Semiconductor stocks fell on June 23, 2026, as investors questioned the long-term sustainability of artificial intelligence infrastructure spending [1].

This downturn signals a potential shift in market sentiment regarding AI valuations. If the current trajectory of capital expenditure slows, the massive growth seen in chipmakers and data center providers could face a significant correction.

Nasdaq futures fell more than 2.5% on June 23 [2]. The volatility extended to the Nasdaq 100, which stood to lose over $1 trillion in market value if the losses held [3]. The selloff was not limited to U.S. markets, as the rout spread to global peers including Asian chipmakers [4].

In South Korea, the Kospi index dropped 10% [4]. This sharp decline in Asian markets contributed to a broader downward trend in equity markets, driven by concerns over valuations and capital expenditures [4].

"Semiconductor stocks have come under pressure as investors question whether the rapid pace of AI infrastructure spending can be sustained beyond 2026," Mike Shepard said on Bloomberg Television [5].
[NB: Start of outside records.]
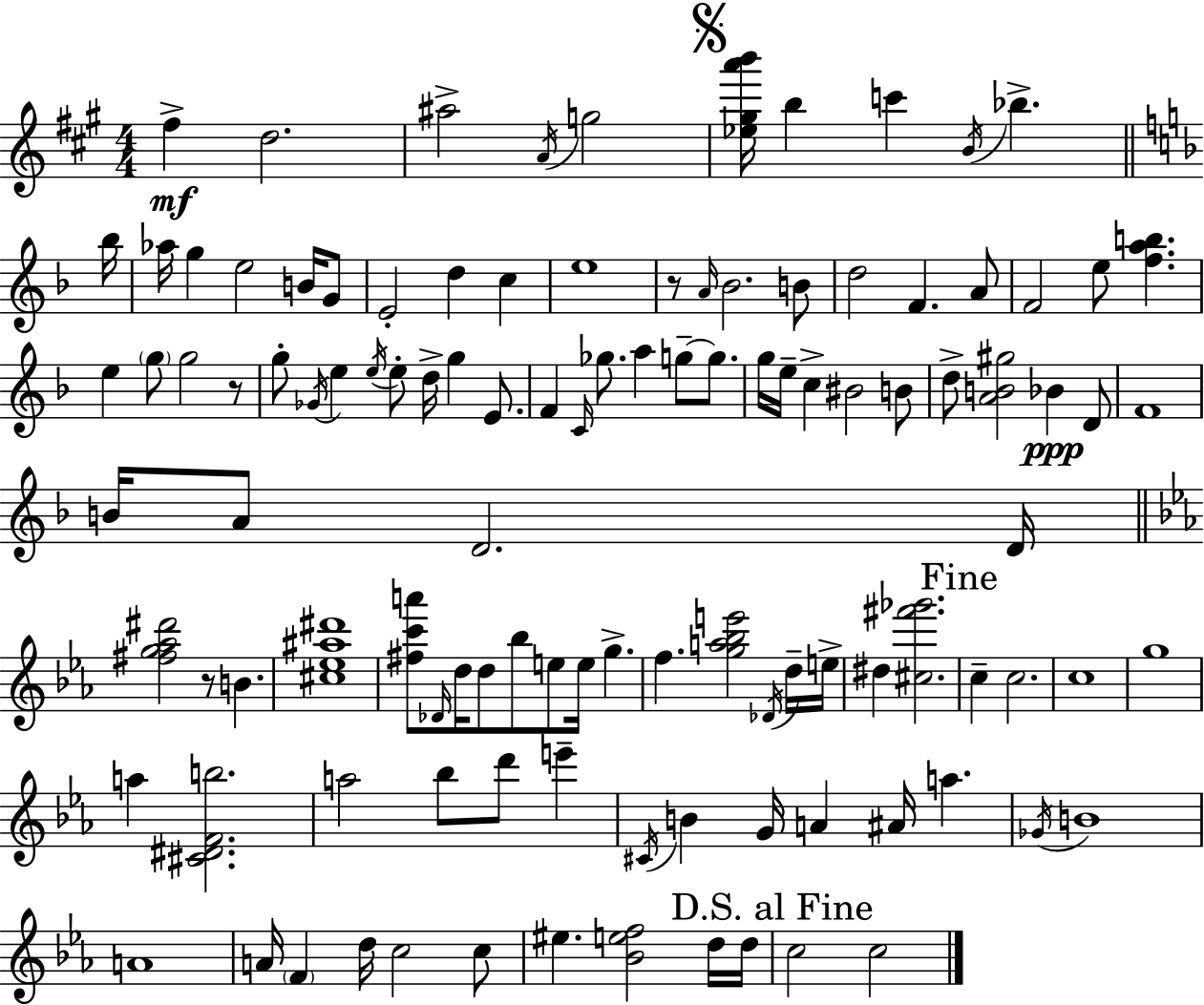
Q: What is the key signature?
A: A major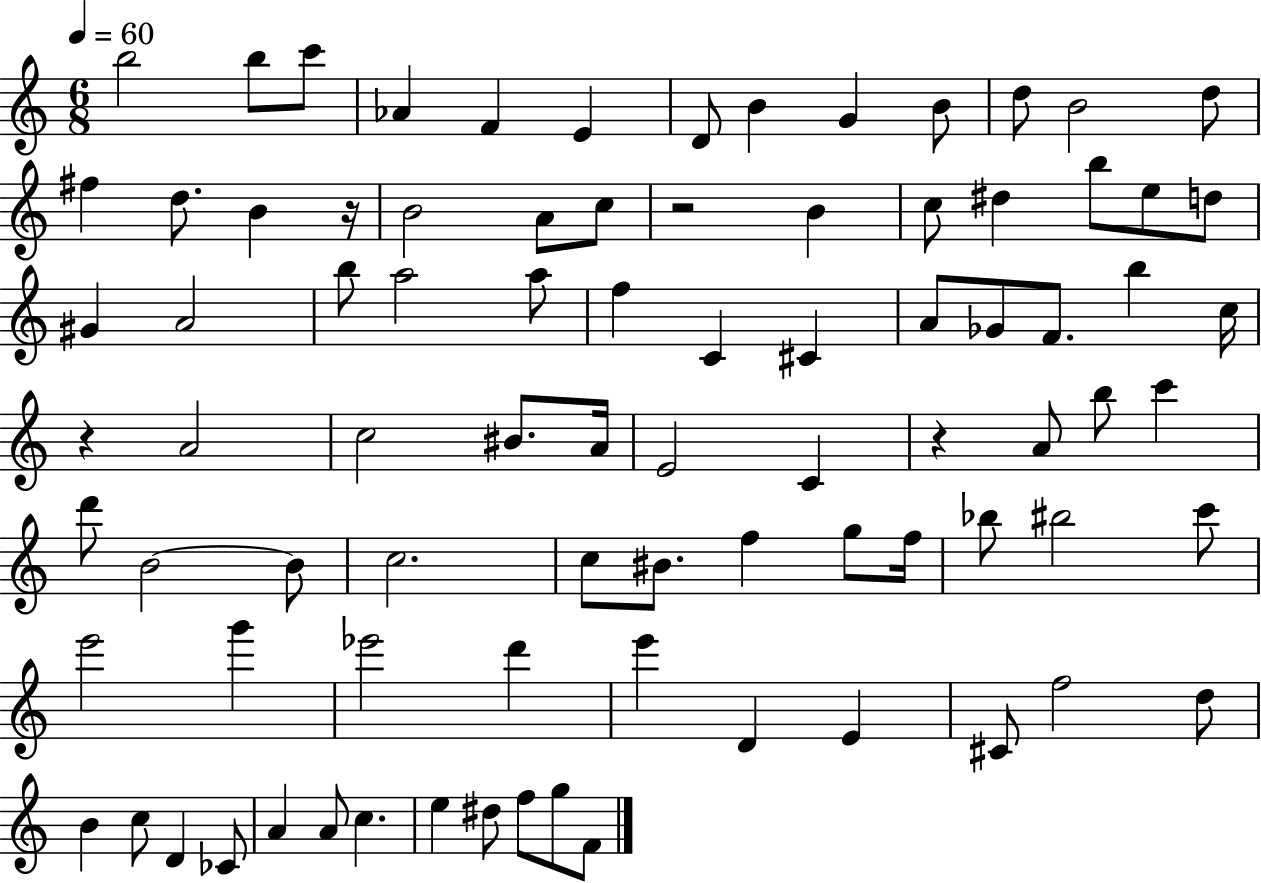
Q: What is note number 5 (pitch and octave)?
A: F4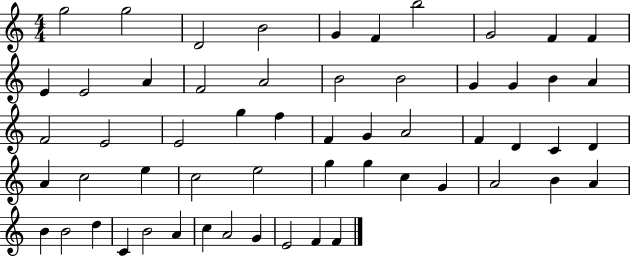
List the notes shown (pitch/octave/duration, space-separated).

G5/h G5/h D4/h B4/h G4/q F4/q B5/h G4/h F4/q F4/q E4/q E4/h A4/q F4/h A4/h B4/h B4/h G4/q G4/q B4/q A4/q F4/h E4/h E4/h G5/q F5/q F4/q G4/q A4/h F4/q D4/q C4/q D4/q A4/q C5/h E5/q C5/h E5/h G5/q G5/q C5/q G4/q A4/h B4/q A4/q B4/q B4/h D5/q C4/q B4/h A4/q C5/q A4/h G4/q E4/h F4/q F4/q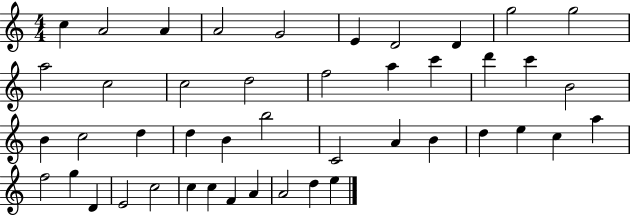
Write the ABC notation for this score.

X:1
T:Untitled
M:4/4
L:1/4
K:C
c A2 A A2 G2 E D2 D g2 g2 a2 c2 c2 d2 f2 a c' d' c' B2 B c2 d d B b2 C2 A B d e c a f2 g D E2 c2 c c F A A2 d e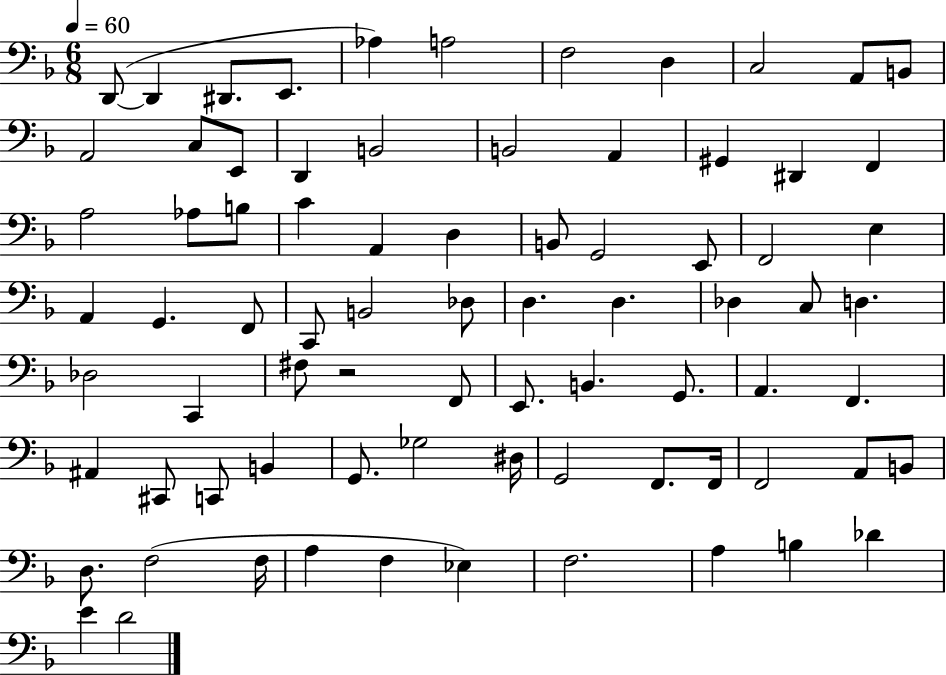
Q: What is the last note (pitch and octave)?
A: D4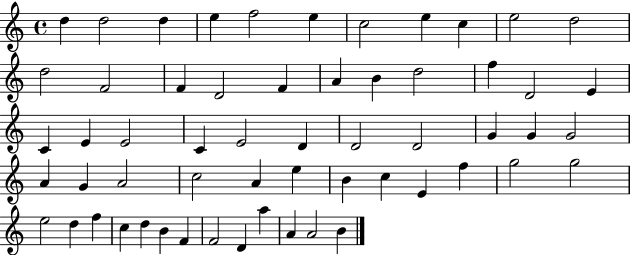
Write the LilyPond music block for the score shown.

{
  \clef treble
  \time 4/4
  \defaultTimeSignature
  \key c \major
  d''4 d''2 d''4 | e''4 f''2 e''4 | c''2 e''4 c''4 | e''2 d''2 | \break d''2 f'2 | f'4 d'2 f'4 | a'4 b'4 d''2 | f''4 d'2 e'4 | \break c'4 e'4 e'2 | c'4 e'2 d'4 | d'2 d'2 | g'4 g'4 g'2 | \break a'4 g'4 a'2 | c''2 a'4 e''4 | b'4 c''4 e'4 f''4 | g''2 g''2 | \break e''2 d''4 f''4 | c''4 d''4 b'4 f'4 | f'2 d'4 a''4 | a'4 a'2 b'4 | \break \bar "|."
}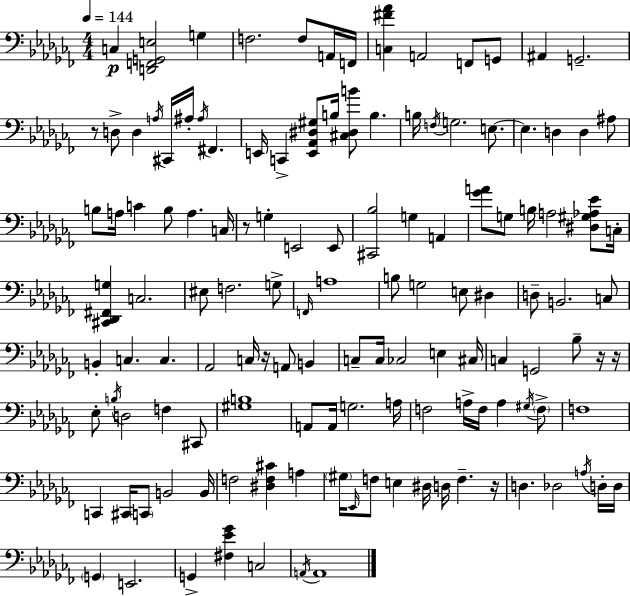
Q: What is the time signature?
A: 4/4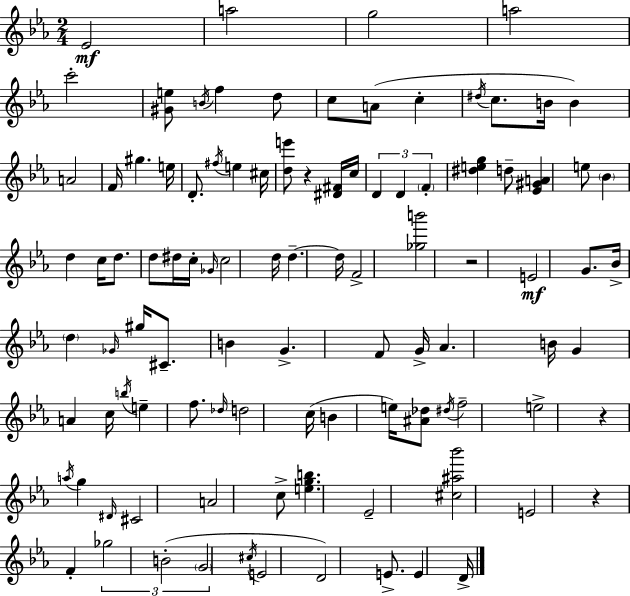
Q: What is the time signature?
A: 2/4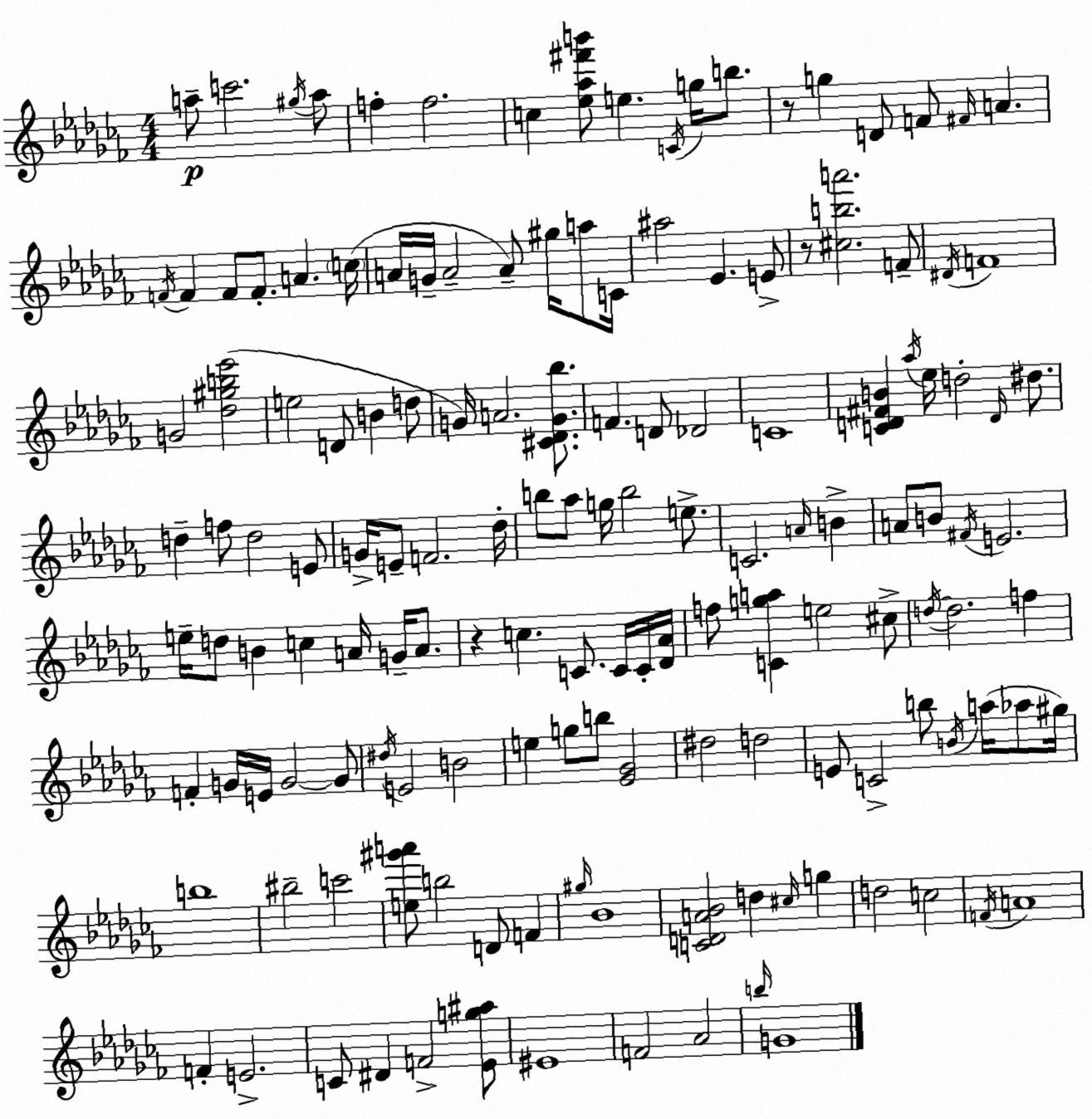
X:1
T:Untitled
M:4/4
L:1/4
K:Abm
a/2 c'2 ^g/4 a/2 f f2 c [_e_a^f'b']/2 e C/4 g/4 b/2 z/2 g D/2 F/2 ^F/4 A F/4 F F/2 F/2 A c/4 A/4 G/4 A2 A/2 ^g/4 a/2 C/4 ^a2 _E E/2 z/2 [^cba']2 F/2 ^D/4 F4 G2 [_d^gb_e']2 e2 D/2 B d/2 G/4 A2 [^C_DG_b]/2 F D/2 _D2 C4 [CD^FB] _a/4 _e/4 d2 D/4 ^d/2 d f/2 d2 E/2 G/4 E/2 F2 _d/4 b/2 _a/2 g/4 b2 e/2 C2 A/4 B A/2 B/2 ^F/4 E2 e/4 d/2 B c A/4 G/4 A/2 z c C/2 C/4 C/4 [_D_A]/4 f/2 [Cga] e2 ^c/2 d/4 d2 f F G/4 E/4 G2 G/2 ^d/4 E2 B2 e g/2 b/2 [_E_G]2 ^d2 d2 E/2 C2 b/2 B/4 a/4 _a/2 ^g/4 b4 ^b2 c'2 [e^g'a']/2 b2 D/2 F ^g/4 _B4 [CDA_B]2 d ^c/4 g d2 c2 F/4 A4 F E2 C/2 ^D F2 [_Eg^a]/2 ^E4 F2 _A2 b/4 G4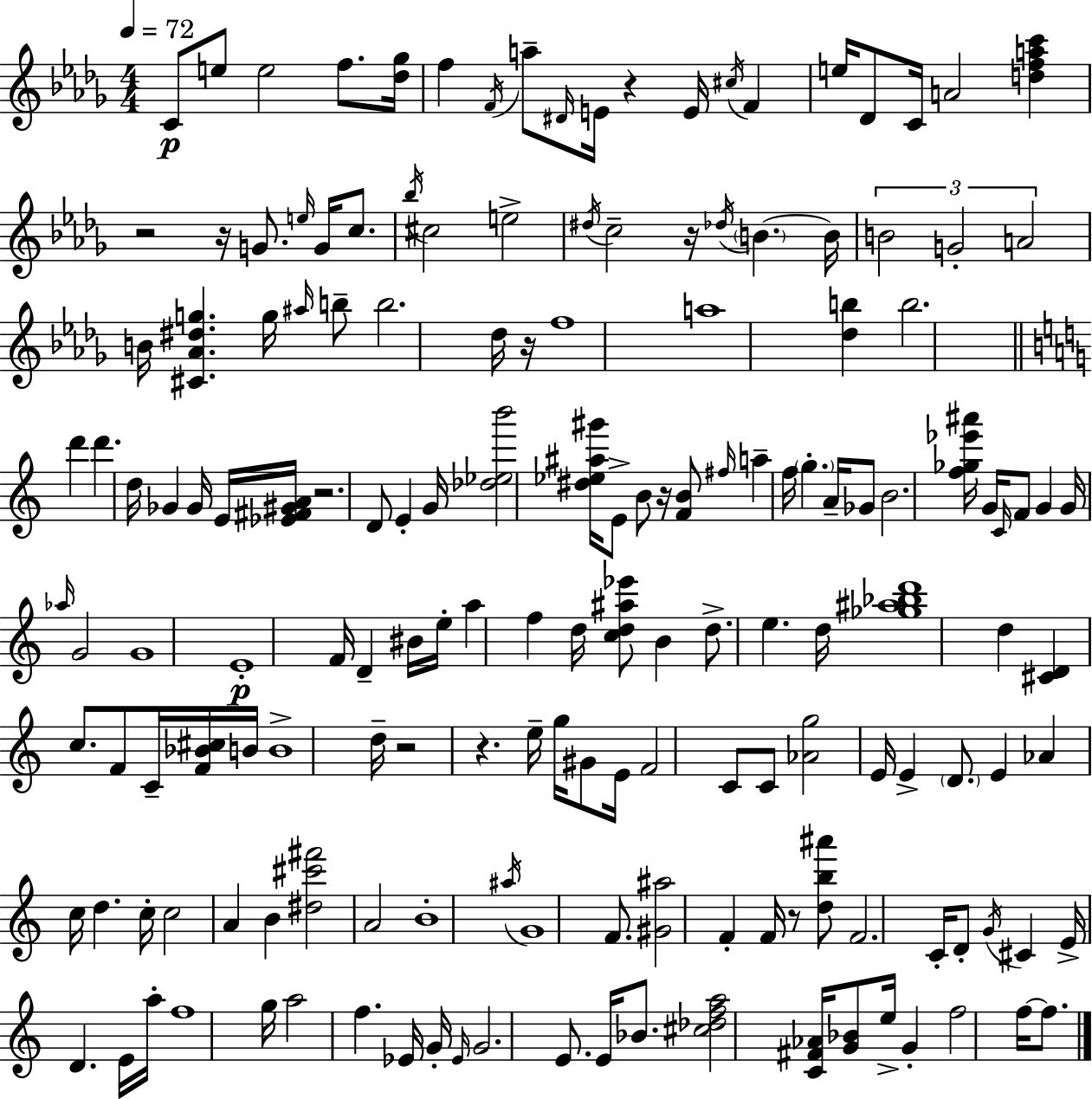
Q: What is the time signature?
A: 4/4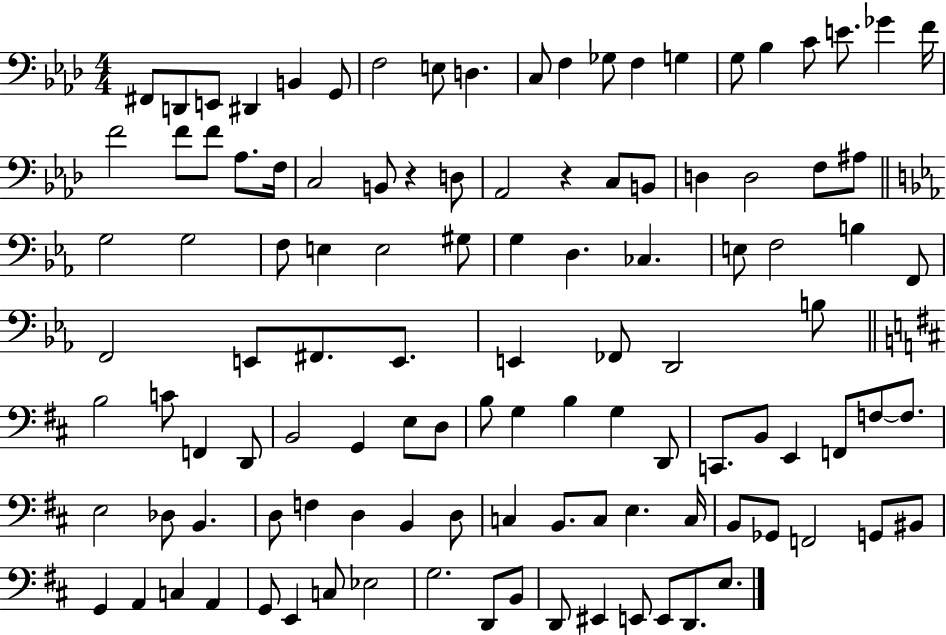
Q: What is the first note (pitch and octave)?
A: F#2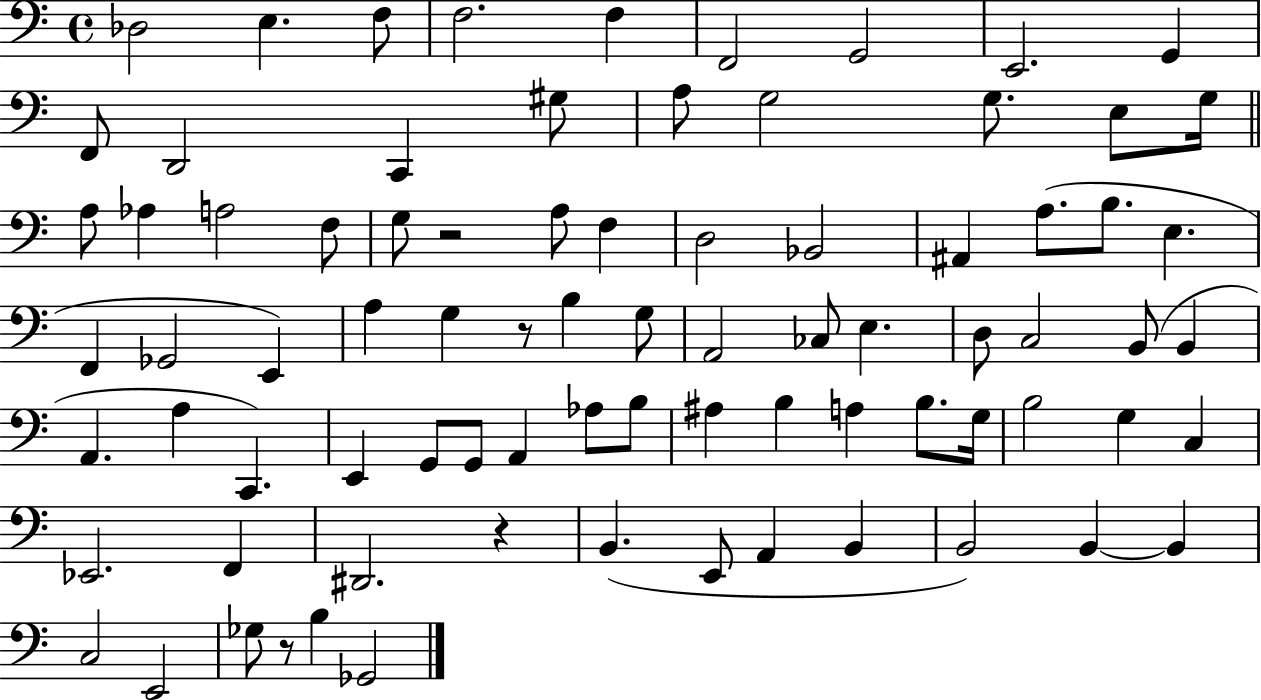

Market analysts suggest the instability is linked to debt-funded spending and hawkish expectations from the Federal Reserve [6]. Investors are increasingly reassessing whether the returns on AI investments will justify the high costs of infrastructure beyond 2026 [5].

"Tech is leading markets lower as a heavy selloff in Asian chipmakers, including a 10 per cent drop in the South Korean Kospi index, is dragging broader equity markets lower amid valuation and capex worries," Tom Essaye said [4].

Semiconductor stocks have come under pressure as investors question whether the rapid pace of AI infrastructure spending can be sustained beyond 2026.

The sudden volatility in semiconductor stocks reflects a transition from speculative excitement to a demand for tangible returns on AI investment. By questioning spending sustainability beyond 2026, investors are signaling that the 'AI bubble' may be sensitive to interest rate hikes and the actual productivity gains of the technology, potentially ending the era of unchecked growth for chip manufacturers.